I thought it was tyres per mile you had to worry about.


----------



## Kerr (Mar 27, 2012)

nick_mcuk said:


> Part of me wants to know what the mpg on the V8 will be!


The USA magazines say 19MPG city and 28MPH highway.

In my experience whatever the Americans give as their figures, they are really close to what you get in real life.

They would get sued when they have the fantasy figures we have. There is a massive difference between what we get told cars do and the figures they get. Their figures are usually about right.


----------



## RisingPower (Sep 21, 2007)

Kerr said:


> The USA magazines say 19MPG city and 28MPH highway.
> 
> In my experience whatever the Americans give as their figures, they are really close to what you get in real life.
> 
> They would get sued when they have the fantasy figures we have. There is a massive difference between what we get told cars do and the figures they get. Their figures are usually about right.

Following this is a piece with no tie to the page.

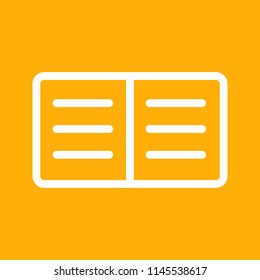 Notebook icon, stock vector illustration, EPS10.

Hmm, so about 23 to 33ish mpg then?


----------



## andy665 (Nov 1, 2005)

And US gallons are smaller than ours


----------



## Kerr (Mar 27, 2012)

RisingPower said:


> Hmm, so about 21 to 32ish mpg then?





andy665 said:


> And US gallons are smaller than ours


It was brought up a few times on other car sites and it did seem what they were told was their average, was about the real figure here.

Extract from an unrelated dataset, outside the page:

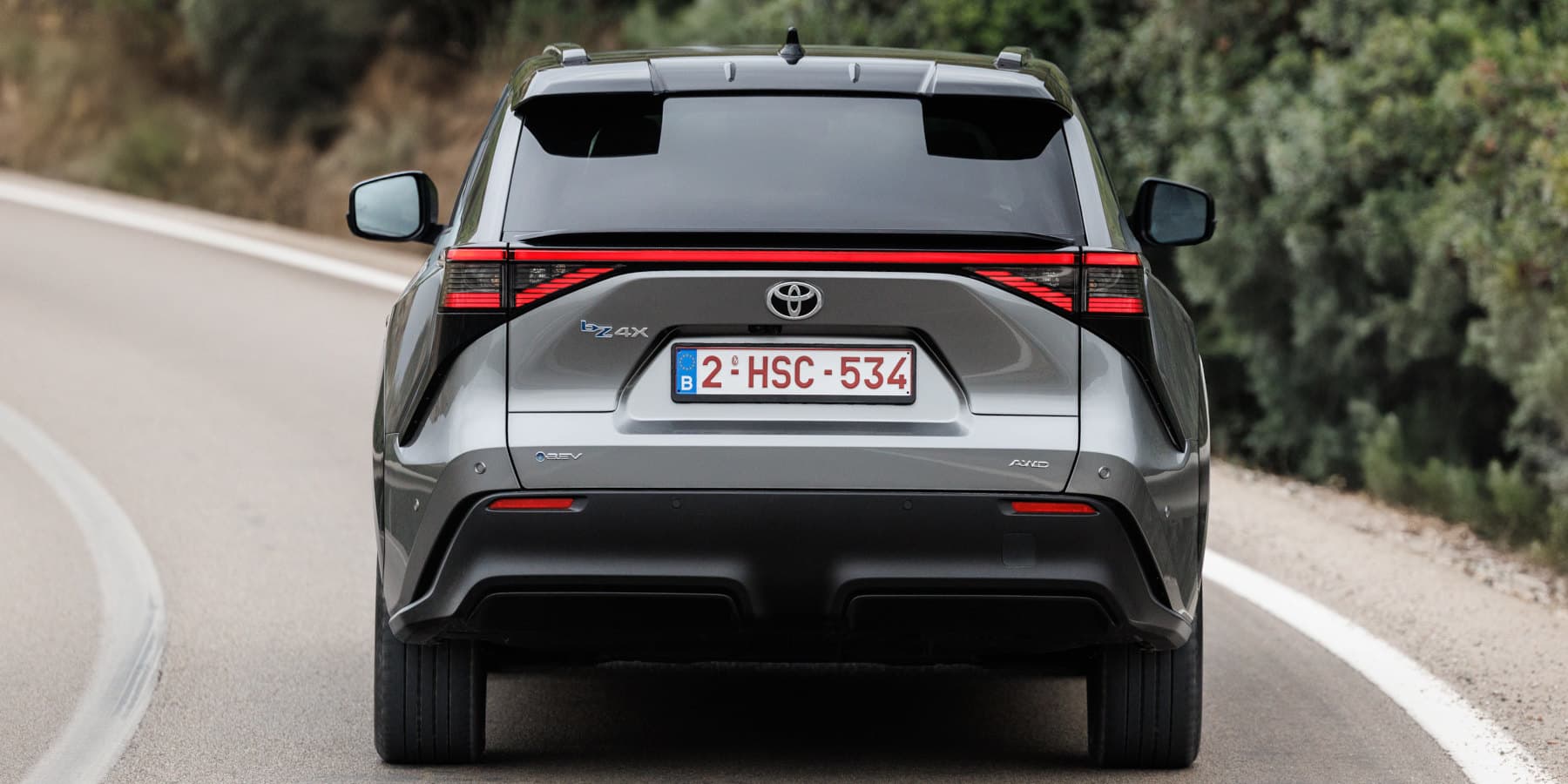 Toyota bZ4X 2026 Heckansicht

There is a 20% difference between our gallon and their gallon, but you'll see a few cars that have fuel figures claiming 40%+ better fuel consumption over here.

Their roads are different and they have more open, but often slower roads. That may add up to why they get similar fuel figures for less fuel, but I'd also imagine they give their best figure rather than their real average. There will be some margin, but not not the silly amounts we get here.

As I say though, based on previous discussions, their figures give a far better indication of real world fuel consumption than our own figures do.


----------



## Ross (Apr 25, 2007)

I think it looks pretty good,bound to sound sweet too.


----------



## nick_mcuk (Jan 4, 2008)

Thats not a bad figure for a 5L V8 with over 400BHP considering I already have a 4.7L V8 sat on the drive would it be excessive to have another in the form of a Mustang??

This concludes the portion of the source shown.